Data excerpts:
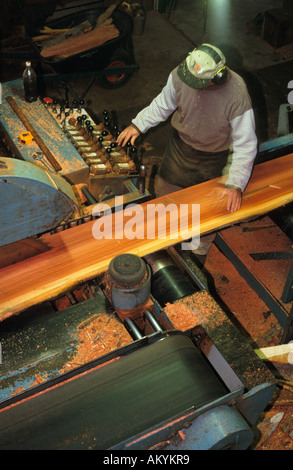 Bench saw operator milling red gum flitches  Koondrook,  Victoria, Australia, vertical, Eucalyptus camaldulensis Stock Photo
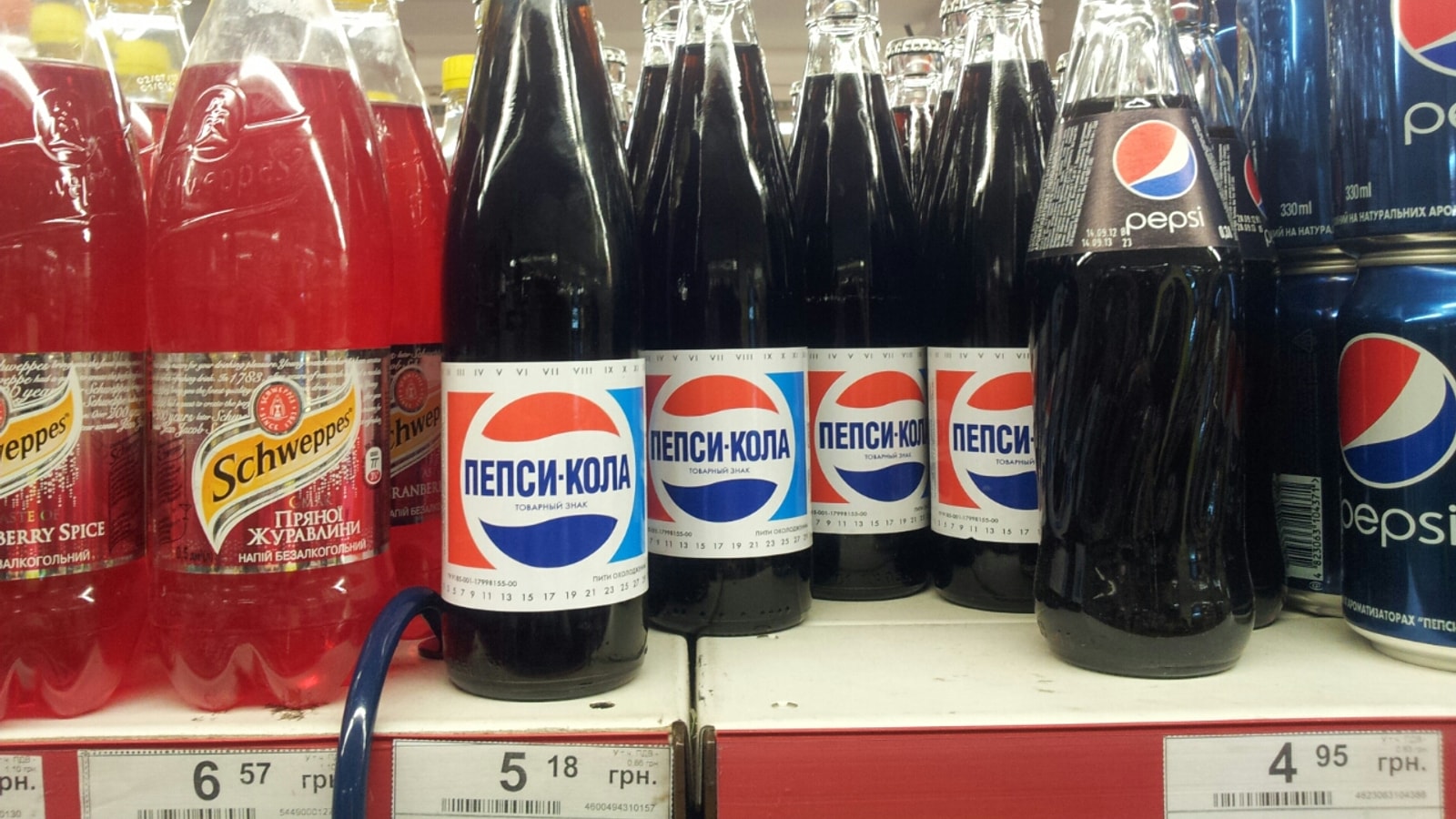 Classic Pepsi bottles in a supermarket cooler row.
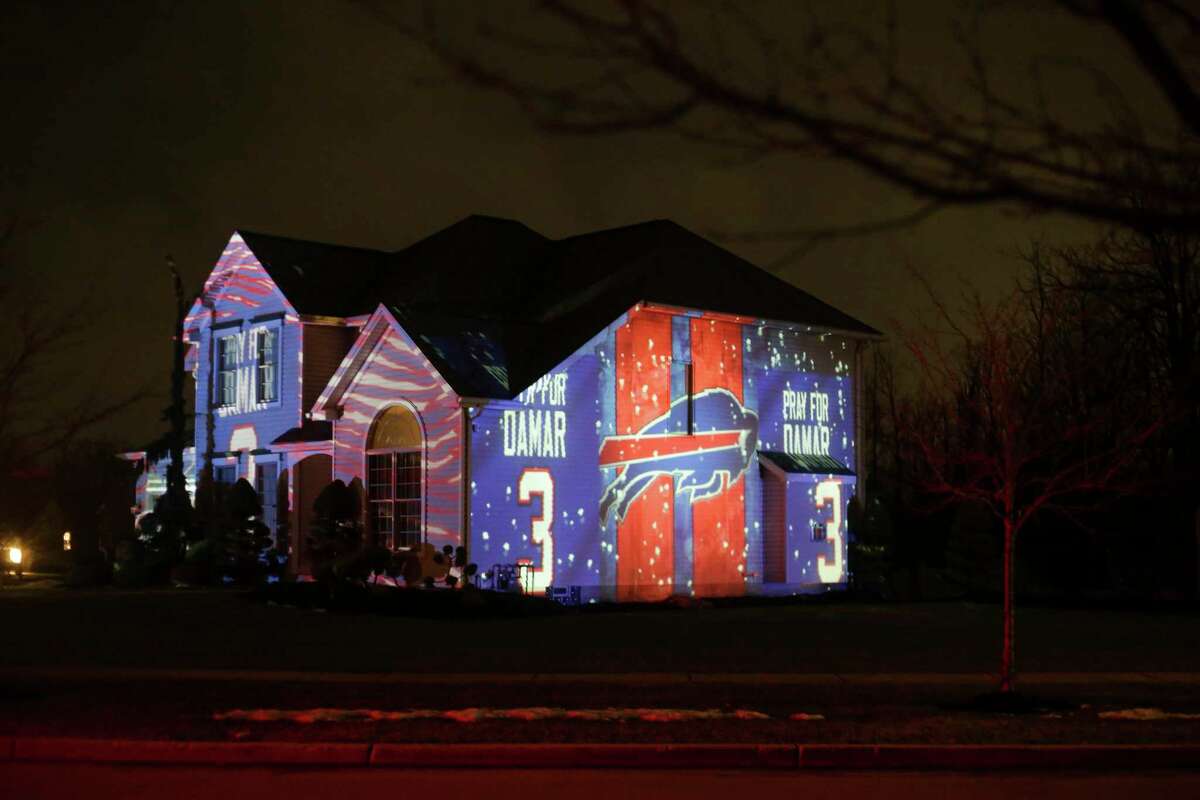 A projection showing support for Buffalo Bills safety Damar Hamlin is seen on Michael and Shauna Karas' house Friday, Jan. 6, 2023, in Lancaster, N.Y. Hamlin is now breathing and walking on his own, and traded in the writing pad he had been using to communicate.
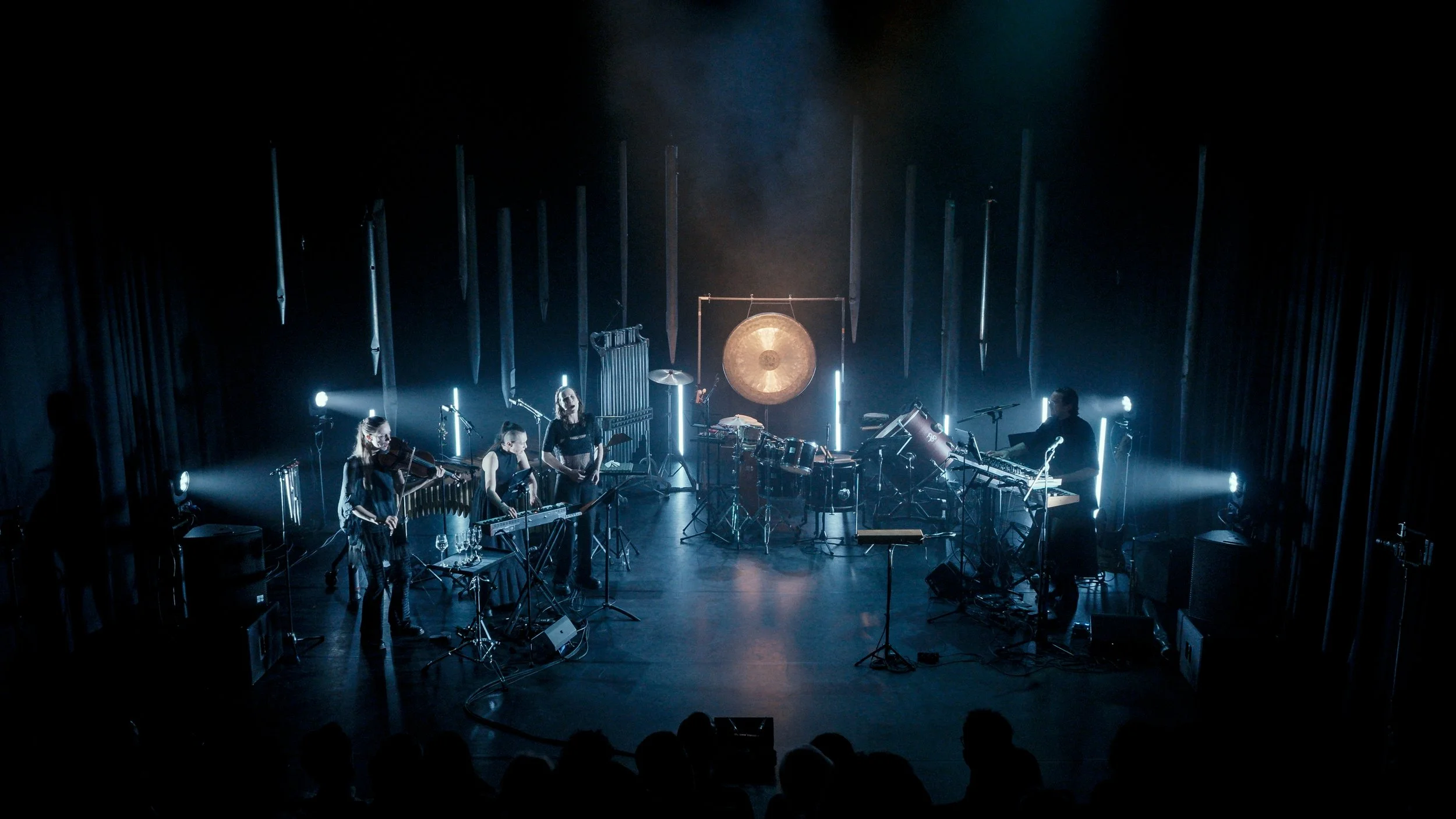 A musical performance on stage featuring a drummer, a keyboardist, two violinists, and a vibraphone player, with stage lighting and a gong in the background.
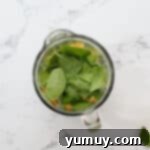Overhead view of ingredients for an island green tropical smoothie in a blender before blending.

[Exercise description] Restate the data exactly, though only from the line that contains "A projection showing" through its last line, both ends included and with the pictures left out.

[Task response]
 A projection showing support for Buffalo Bills safety Damar Hamlin is seen on Michael and Shauna Karas' house Friday, Jan. 6, 2023, in Lancaster, N.Y. Hamlin is now breathing and walking on his own, and traded in the writing pad he had been using to communicate.
 A musical performance on stage featuring a drummer, a keyboardist, two violinists, and a vibraphone player, with stage lighting and a gong in the background.
Overhead view of ingredients for an island green tropical smoothie in a blender before blending.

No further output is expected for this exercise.